Certain factors contributed to the success of the new community. Most likely the presence of the depot was responsible for the location of a post office in the new community. The area’s post office had been established in 1865 at a place identified as Sherman. An early map of the proposed rail route showed it passing through Sherman. However, when the line was actually constructed, it went west of Sherman through Bradshaw’s land. At the time the town was platted, the post office was moved to the new community. The post office was located in L. Freeman's general store and he is listed as the first postmaster for Lenexa.
Other businesses were attracted to the new community. Another general store and a drug store opened within a year of the founding of the town. A young doctor from Shawnee, G.M. Bower, opened the drug store and served as doctor for the community. He and David Brickley, to whom Bower was related by marriage, bought most of the new town lots. The area also attracted John Earnshaw, who opened the Fountain Head Mill providing another service for the farmers in the area. By 1883, A.T. Andreas reported in his History of the State of Kansas that “Lenexa contains at present time two stores, two blacksmith shops, the grist mill, and about seventy-five inhabitants.” The town also had two churches and a cemetery.
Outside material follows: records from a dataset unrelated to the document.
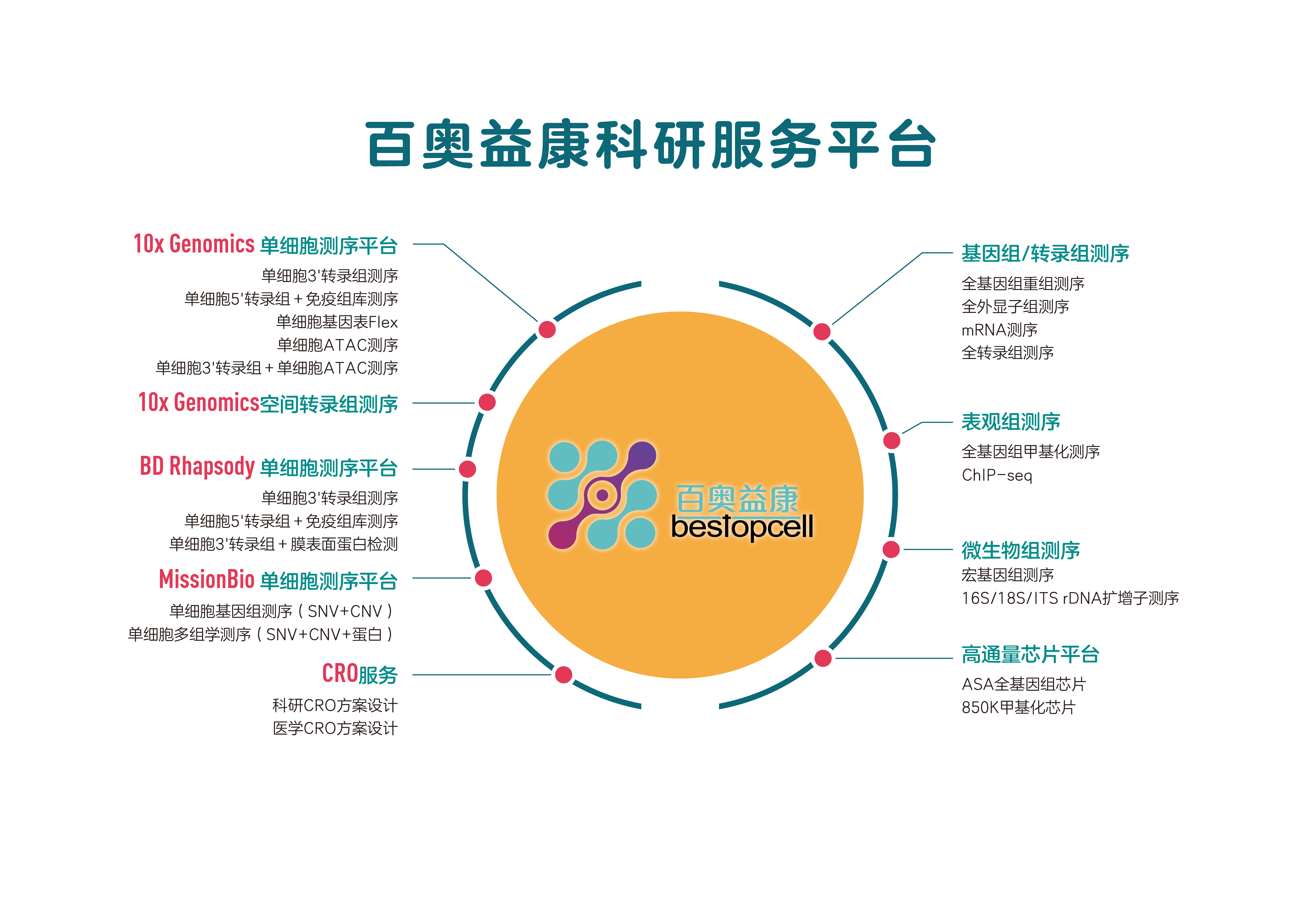 苹果未删版 ftp:实用干货 | 10x 单细胞构建自定义参考基因组-第8张图片-太平洋在线下载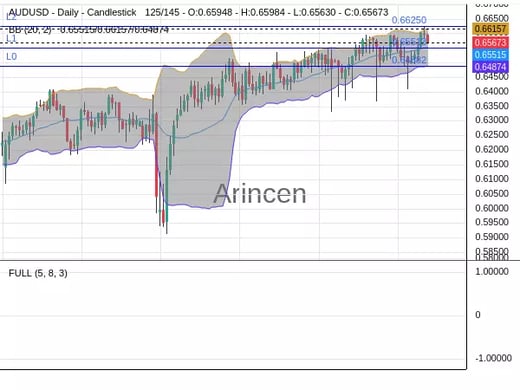 AUDUSD Chart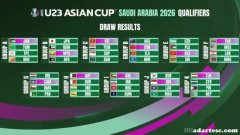 U23亚洲杯：机遇与风险共存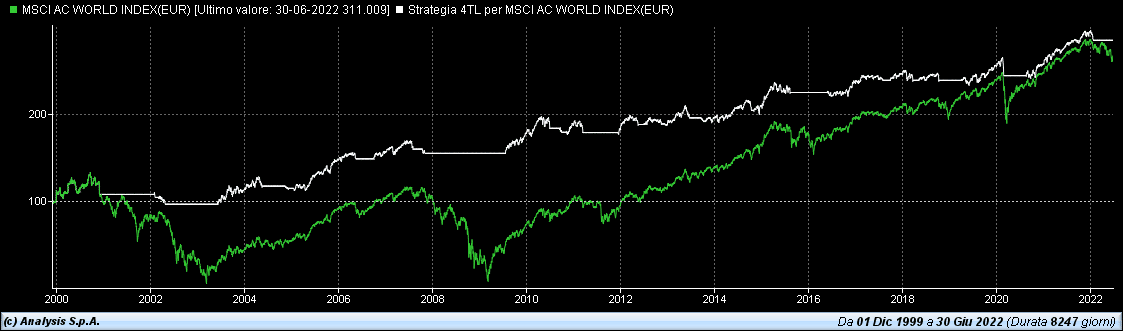 In verde l’emotività del mercato, in bianco
la razionalità del metodo scientifico di 4Timing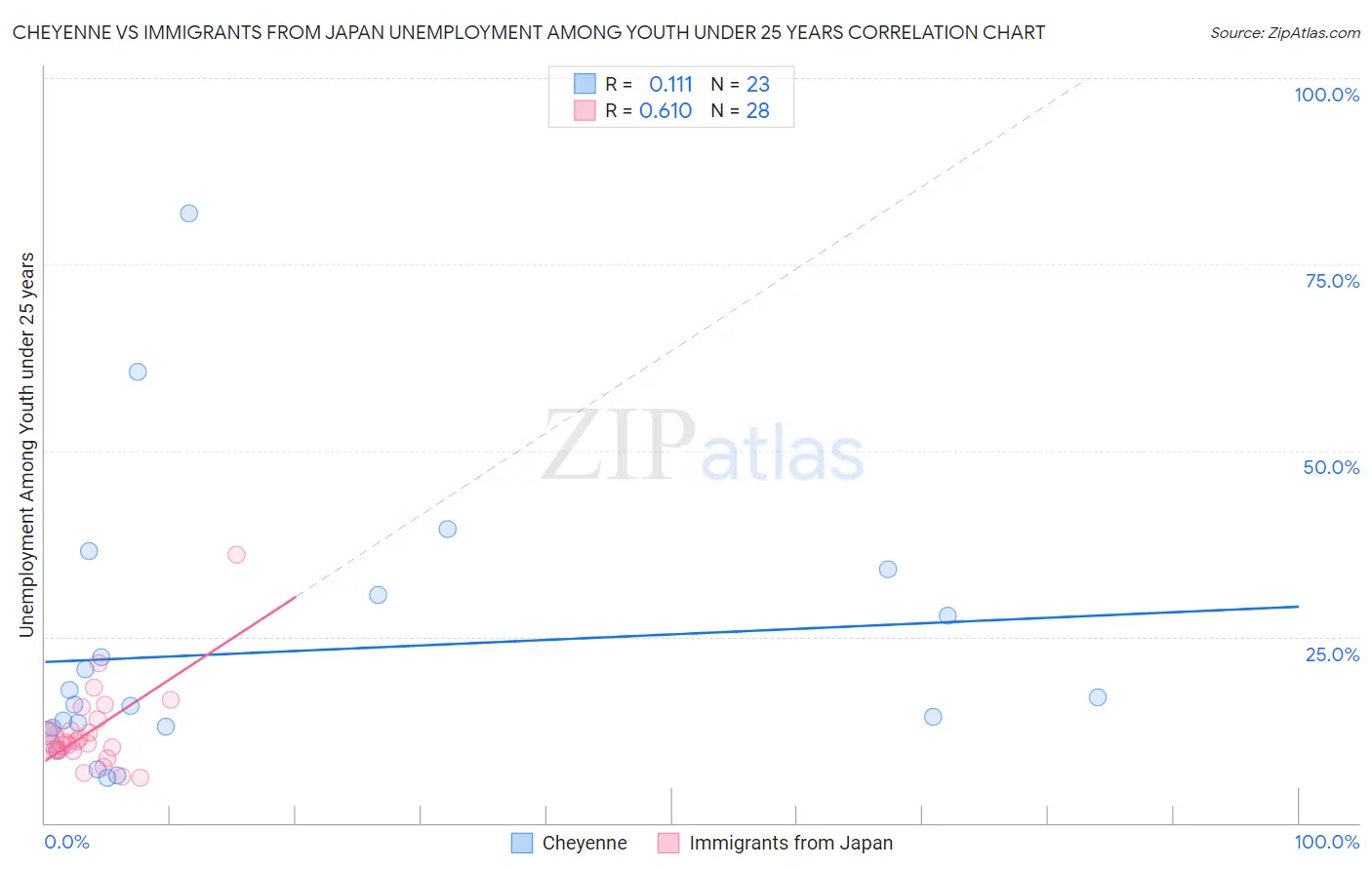 Cheyenne vs Immigrants from Japan Unemployment Among Youth under 25 years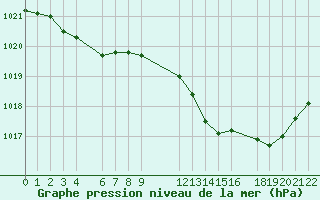 Courbe de la pression atmosphrique pour Mont-Rigi (Be)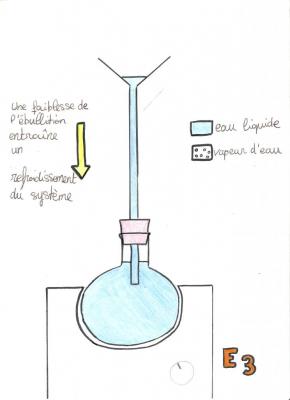 schema E3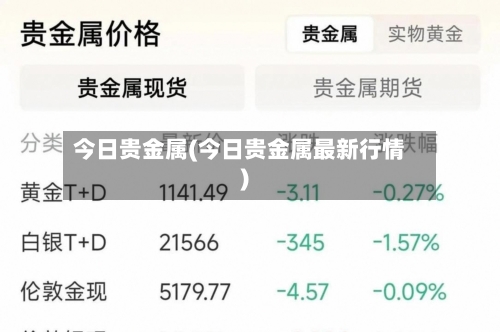 今日贵金属(今日贵金属最新行情)-第1张图片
As to the name of the town, there are a number of traditions but little fact as to its selection. One account relates that the town was briefly called Brickley, but no other documentation exists to support this version. Another tradition states that the railroad company wanted to name the new town for Charles Bradshaw, but that he modestly refused the honor. The name Lenexa was then selected. Why the name Lenexa was chosen is explained only by legend. One tradition says that a railroad representative spied a lovely young Shawnee woman, and being so taken with her beauty, he named the town for her. There is no evidence to support this story. There was a Shawnee woman named Ia-nex-se in the area, but the Shawnee census of 1856-57 lists her as being sixty years of age. That she was well respected by her neighbors is reported by several sources, including William Johnson, son of Thomas Johnson. She was also the widow of Thomas Blackhoof, one of the Shawnee chiefs, and her name, spelled in various ways, appears in several places — the Shawnee Patent Book, the Shawnee census, and the Shawnee payment records. Why the spelling was changed and why the name was adopted are not known.
Many things affected early Johnson County — the availability of land, land speculation and railroad expansion. Although Lenexa is not the oldest town established in Johnson County, it shares with earlier communities those elements that helped shape early county history.